1922 murder in Michigan

On June 9, 1922, in Jackson, Michigan, a circus worker, George W. Straub, plotted and executed the murder of social settlement worker Alice Mallett (1882–1922), using an axe. The public outrage over the murder, caused concern for Straub's own life as the public attempted to capture him with plans to execute him.

== Background ==
The town of Jackson, Michigan, with the boost of the automotive industry had been economically advancing. With a population of 48,000 at the time, this made the town a destination for travelers, as Jackson is equidistant from Detroit, Lansing, and Kalamazoo.

On June 9, 1922, Alice Mallett, Matron to the Florence Crittenden Home, was found deceased in a field, with severe lacerations to the neck and blunt trauma to the head.

== Investigation and backlash ==
By June 10, an investigation had picked and detained 23 potential assailants, with two other officers pursuing a travelling circus that had been in town the day of the murder. The investigation concluded shortly thereafter as George W. Straub confessed to the assault only ten days later, June 19.

Straub allegedly, after exiting the circus, waited for Mallett, whilst wielding an axe, which he would then use to commit the murder. His intentions are unknown; Mallett and Straub had an altercation, in which Straub was provoked to strike Mallett in the head with an axe, before nearly beheading her in an empty field.

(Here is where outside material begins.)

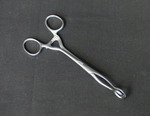 Hemostatic Oval Forceps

Straub's confession sparked public outcry, as a mob of several thousand Jackson citizens gathered around the local jail that Straub was confined in, demanding his lynching; authorities managed to disperse the crowd with tear gas. The local outrage prompted authorities to relocated Straub to Lansing for his own safety. Yet the relocation was ineffective as numerous Jackson citizens, made an effort to "seize" Straub, believing he was kept at the Ingham County Jail in Mason.

On June 20, George Straub was relocated Jackson for his arraignment, Straub pleaded guilty on counts of second degree murder, and faced a life sentence, with solitary confinement, and manual labor, in Marquette Branch Prison, Michigan.

Straub's axe was later by seized authorities at a Polish family's house, two blocks away from where Mallett was found.